> GOAL OF THE EXERCISE:
Ignoring every picture, return the lines of the listing below word for word, from the line that holds "وفاة المريضة التي" through the line that holds "La cura per".

> SUPPLIED DATA:
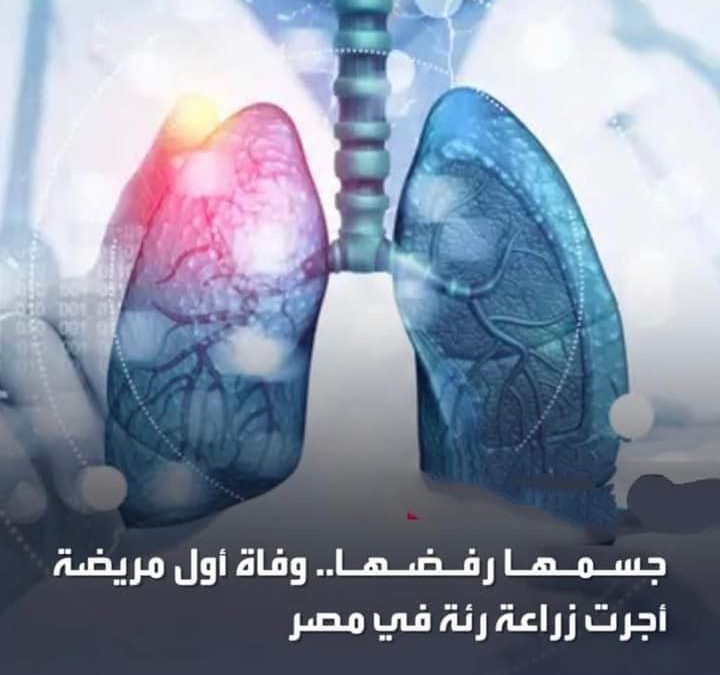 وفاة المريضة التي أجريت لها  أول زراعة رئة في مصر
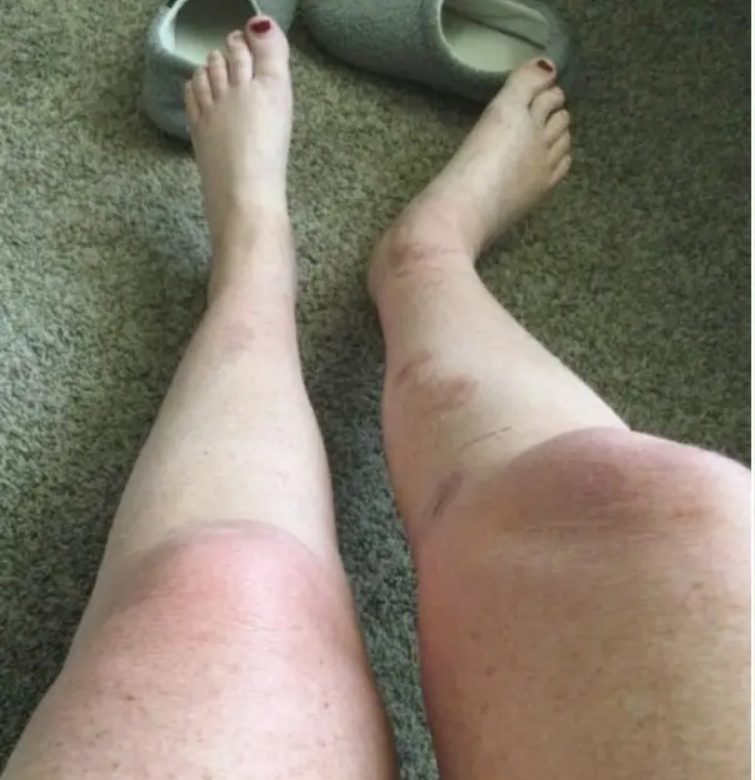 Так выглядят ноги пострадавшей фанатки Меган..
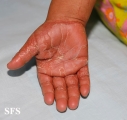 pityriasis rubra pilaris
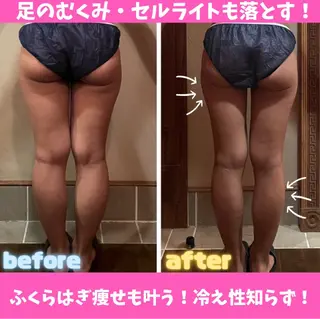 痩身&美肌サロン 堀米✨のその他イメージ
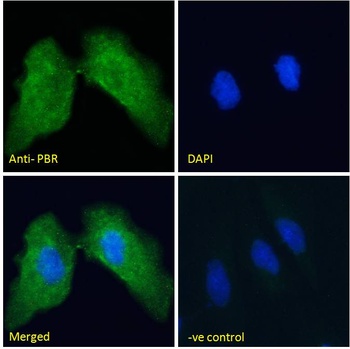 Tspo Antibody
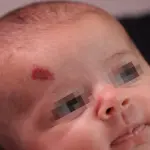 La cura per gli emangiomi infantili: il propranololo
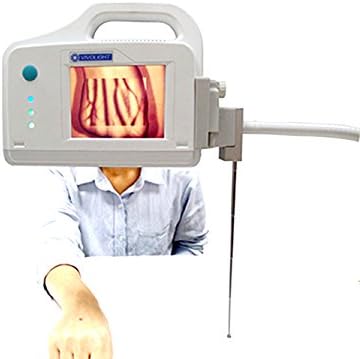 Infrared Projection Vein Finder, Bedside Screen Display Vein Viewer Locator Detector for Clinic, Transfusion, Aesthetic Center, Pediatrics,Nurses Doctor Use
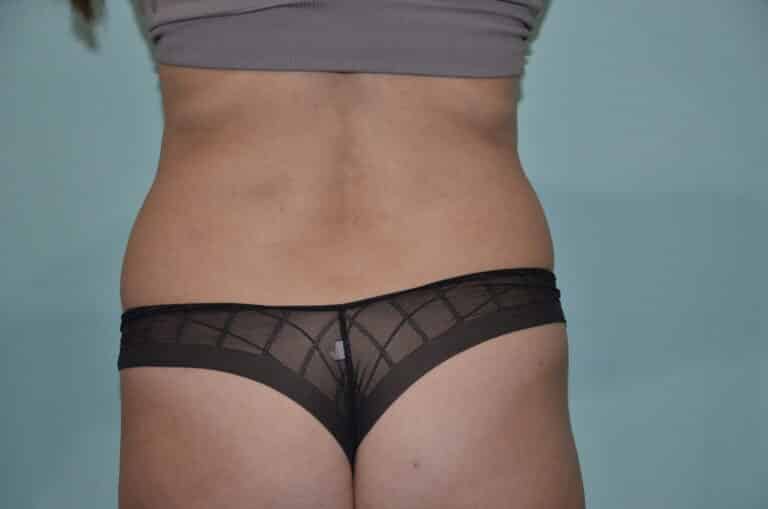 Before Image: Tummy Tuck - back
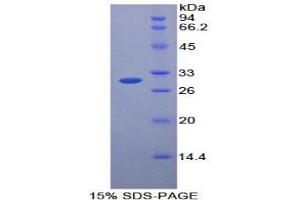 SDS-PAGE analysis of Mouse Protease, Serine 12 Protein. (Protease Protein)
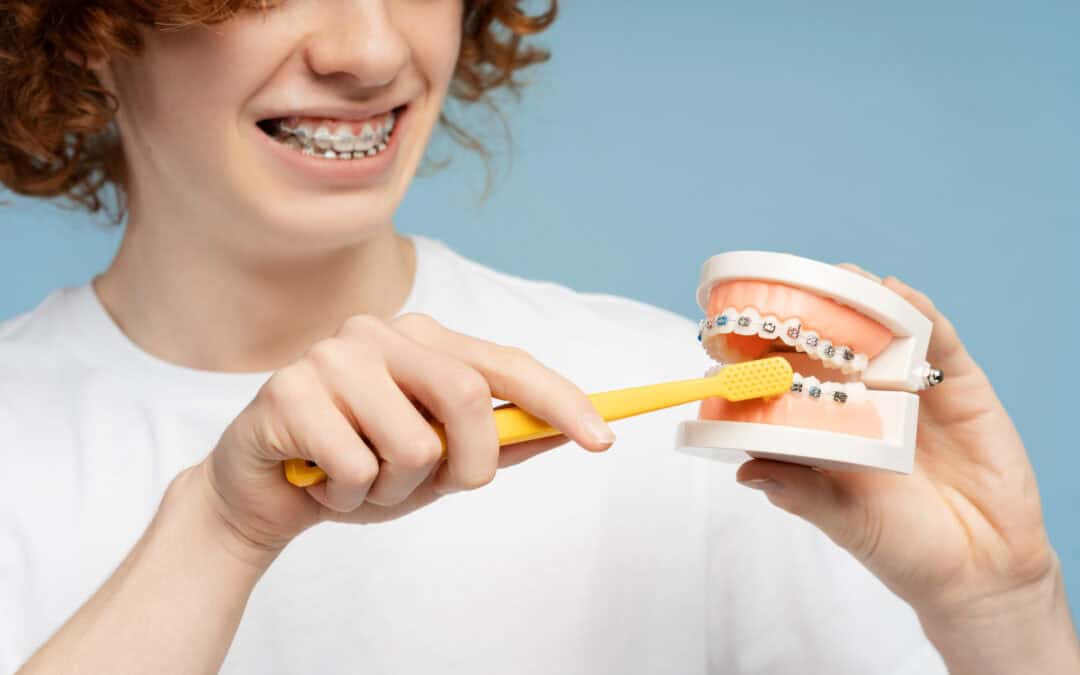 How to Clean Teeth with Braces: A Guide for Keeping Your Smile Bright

---

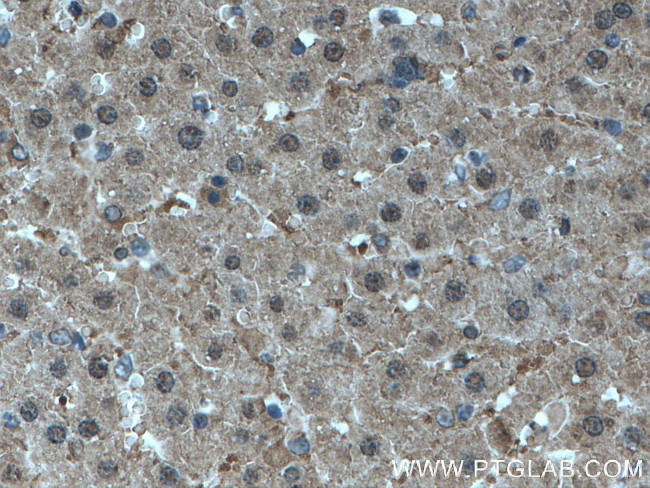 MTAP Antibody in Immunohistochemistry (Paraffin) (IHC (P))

...

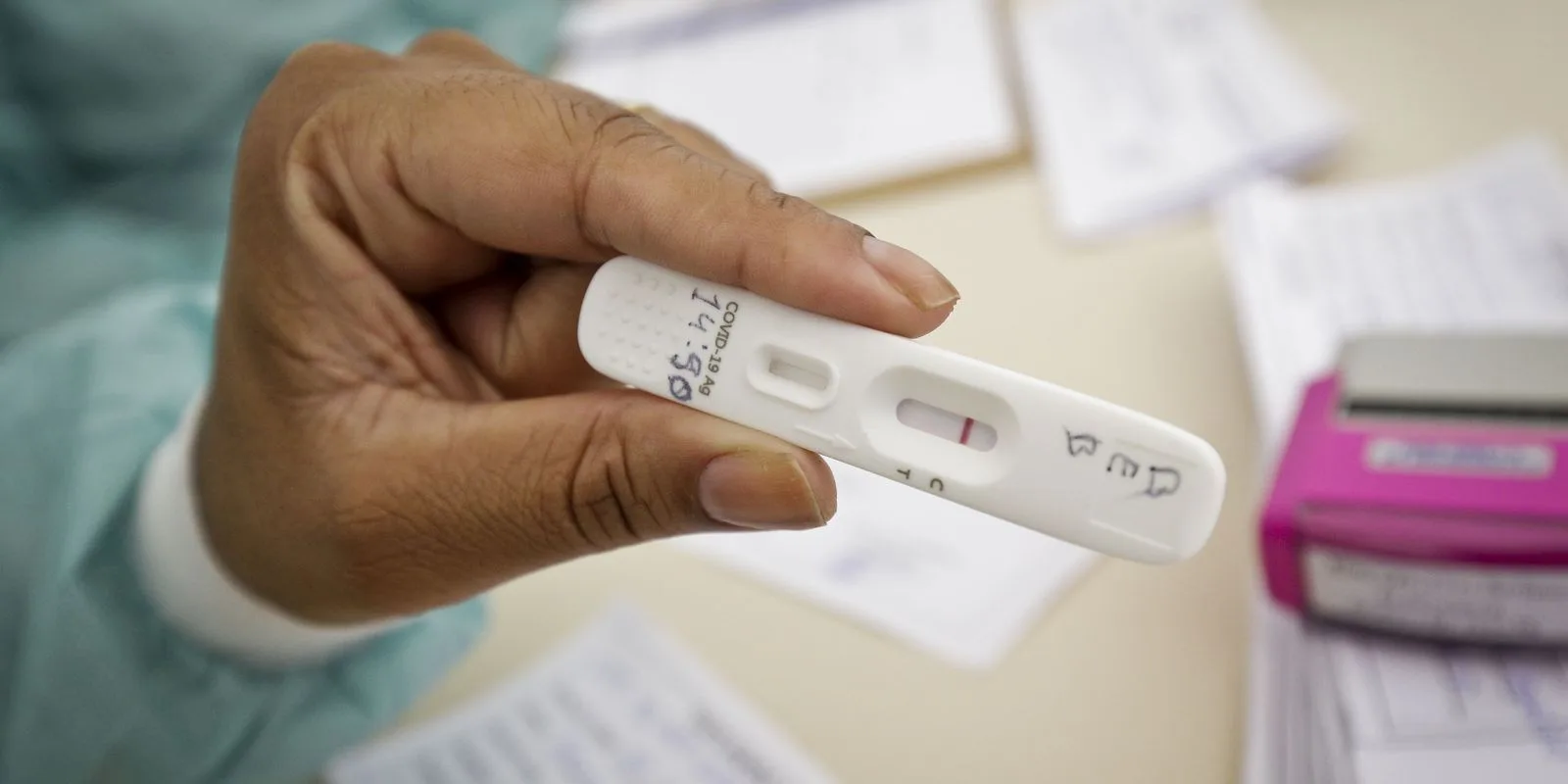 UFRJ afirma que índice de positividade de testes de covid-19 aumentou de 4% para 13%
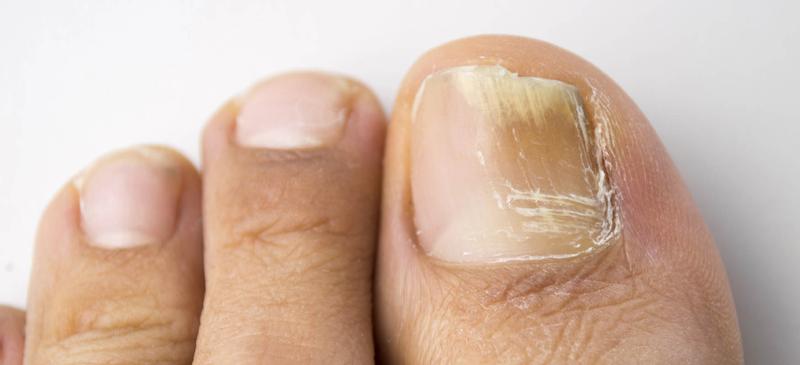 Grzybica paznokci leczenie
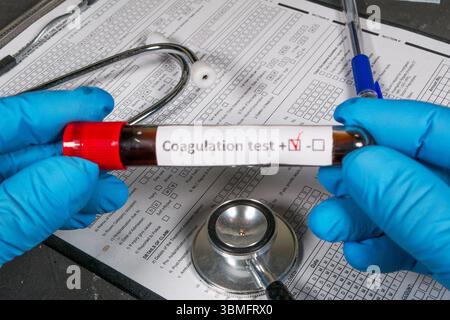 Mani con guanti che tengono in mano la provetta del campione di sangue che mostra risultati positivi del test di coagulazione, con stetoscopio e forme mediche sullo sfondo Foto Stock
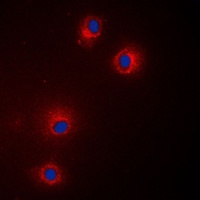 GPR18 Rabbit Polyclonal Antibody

> YOUR RESPONSE:
 وفاة المريضة التي أجريت لها  أول زراعة رئة في مصر
 Так выглядят ноги пострадавшей фанатки Меган..
 pityriasis rubra pilaris
 痩身&美肌サロン 堀米✨のその他イメージ
 Tspo Antibody
 La cura per gli emangiomi infantili: il propranololo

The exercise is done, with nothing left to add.